## Work instruction
For the material below, reproduce exactly each line from the one that has "ドゥアラット七分T < ブランド" through the one that has "Shining Store's Glittering", and no others; pictures stay out.

## Source material
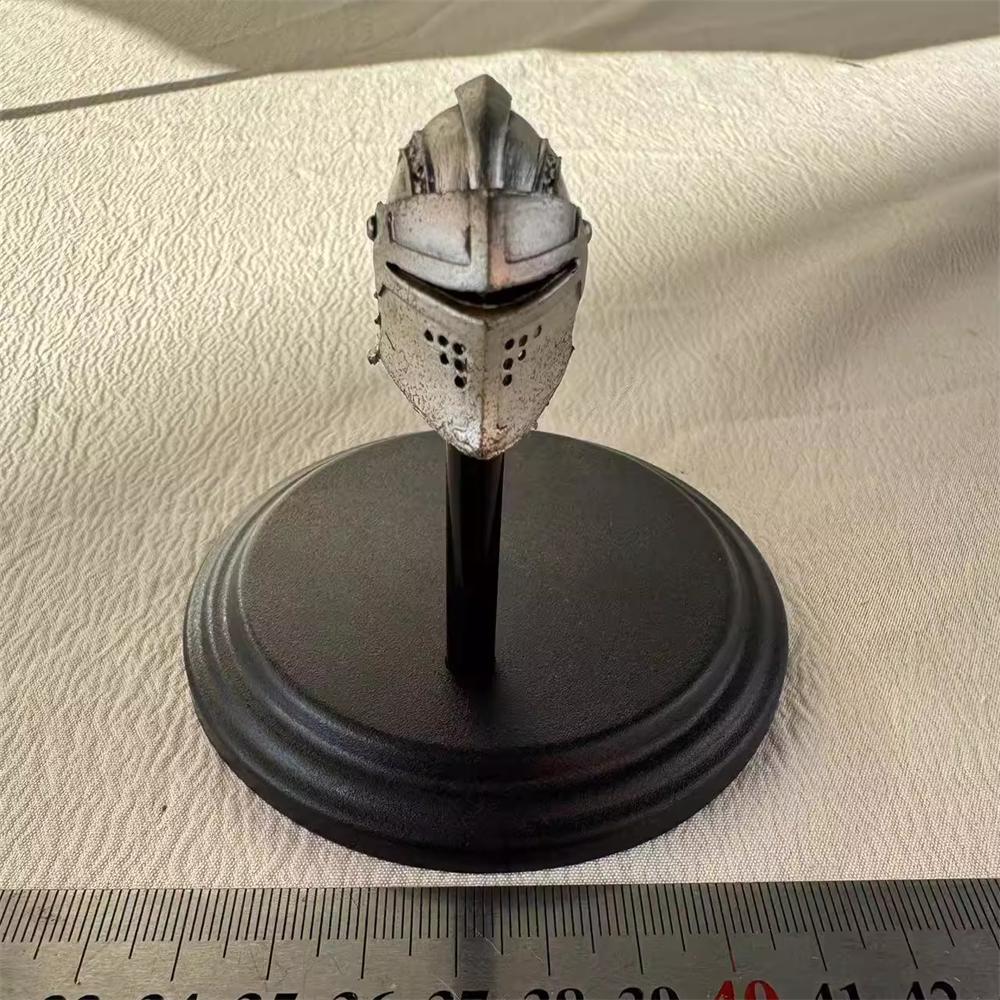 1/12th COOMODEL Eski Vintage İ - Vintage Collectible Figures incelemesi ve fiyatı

--

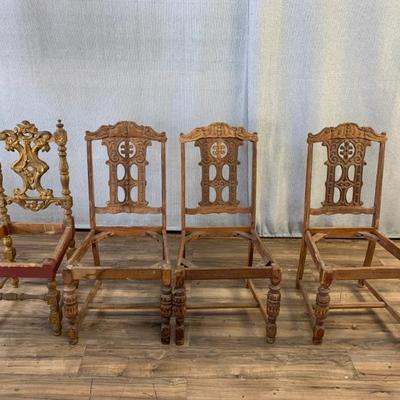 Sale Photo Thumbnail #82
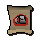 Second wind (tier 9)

...

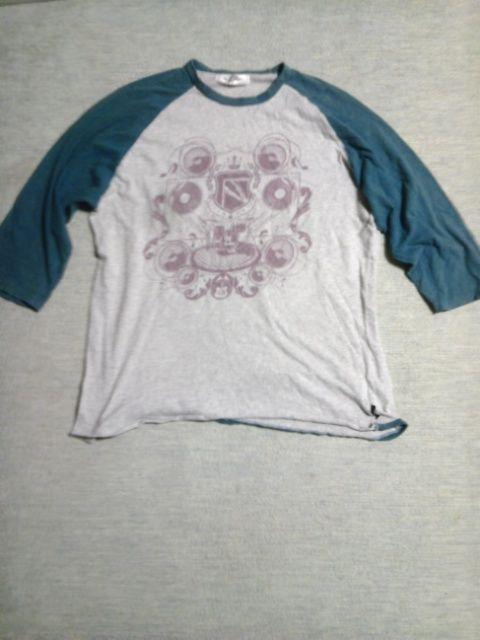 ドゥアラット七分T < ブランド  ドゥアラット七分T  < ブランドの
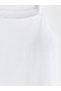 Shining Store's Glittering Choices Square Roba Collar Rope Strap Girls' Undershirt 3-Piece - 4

## Written response
 ドゥアラット七分T < ブランド  ドゥアラット七分T  < ブランドの
 Shining Store's Glittering Choices Square Roba Collar Rope Strap Girls' Undershirt 3-Piece - 4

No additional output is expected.